Factors Affecting Prognosis:
-Extent of retraction/necrosis
-Presence of infection or sepsis
-Patient's overall health status
-Timeliness and appropriateness of management
-Surgical expertise.
Outcomes:
-Mild retraction is manageable with conservative measures
-Significant retraction may require surgical correction with good functional outcomes
-Localized necrosis managed promptly has good outcomes
-Extensive necrosis or sepsis carries significant morbidity and mortality risks.
Follow Up:
-Regular follow-up with the surgical team and stoma nurse
-Ongoing monitoring of stoma function and peristomal skin health
-Education for self-monitoring by the patient
-Assessment for signs of recurrence or new complications.

Key Points

Exam Focus:
-Differentiate between retraction and necrosis based on clinical presentation
-Understand the principles of conservative vs
-surgical management for retraction
-Recognize immediate surgical indications for stoma necrosis (debridement, potential stoma revision/re-creation)

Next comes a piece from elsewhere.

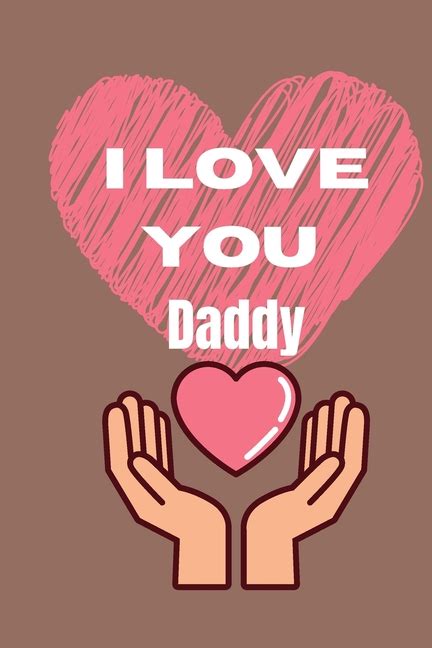 I Love You Daddy Photo Album For Father S Day A T For A Loyal Father Paperback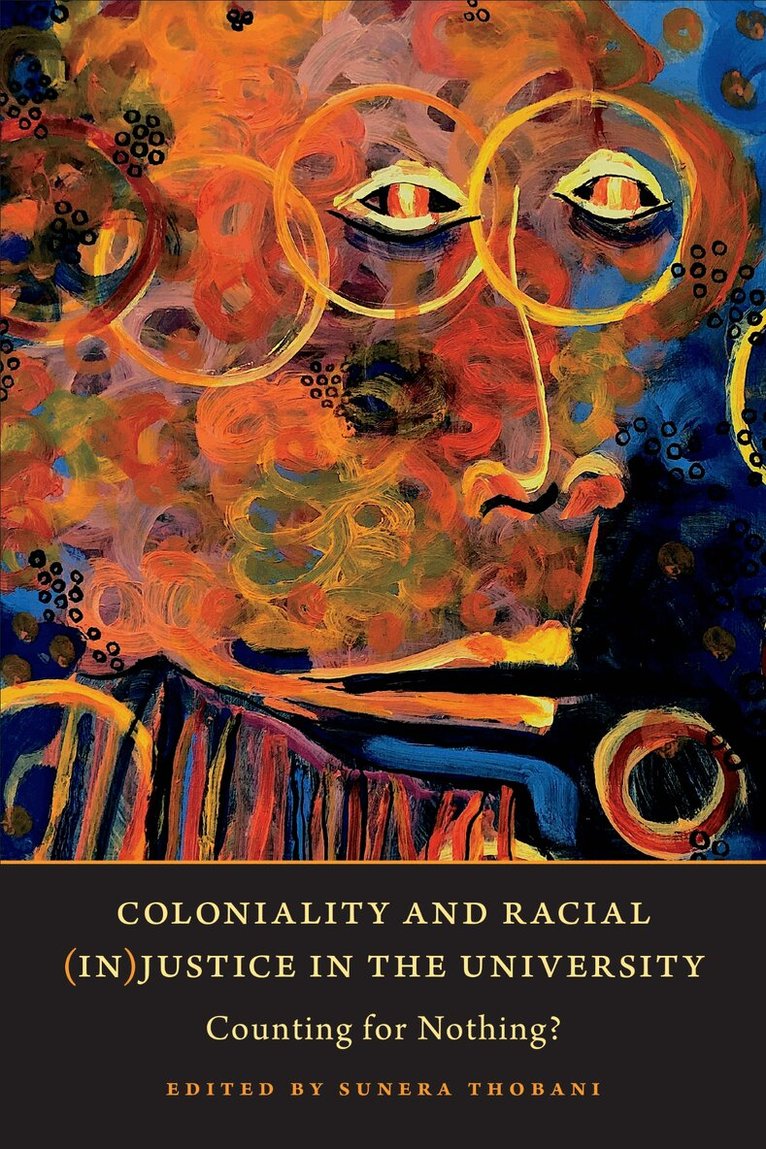 Sunera Thobani - Coloniality and Racial (in)Justice in the University, E-bok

-Factors predisposing to these complications are high-yield.
Clinical Pearls:
-Always check stoma length intraoperatively
-A well-molded peristomal seal is key for retracted stomas
-Consider bowel viability with the "string test" if in doubt for necrosis
-Early consultation with stoma therapy nurses is invaluable
-Never underestimate the risk of sepsis with stomal necrosis.
Common Mistakes:
-Delaying surgical intervention for stoma necrosis
-Inadequate length of stoma created
-Over-reliance on conservative management for significant retraction without assessing functional impact
-Poor stoma site selection
-Failure to educate patient on self-monitoring and immediate reporting of warning signs.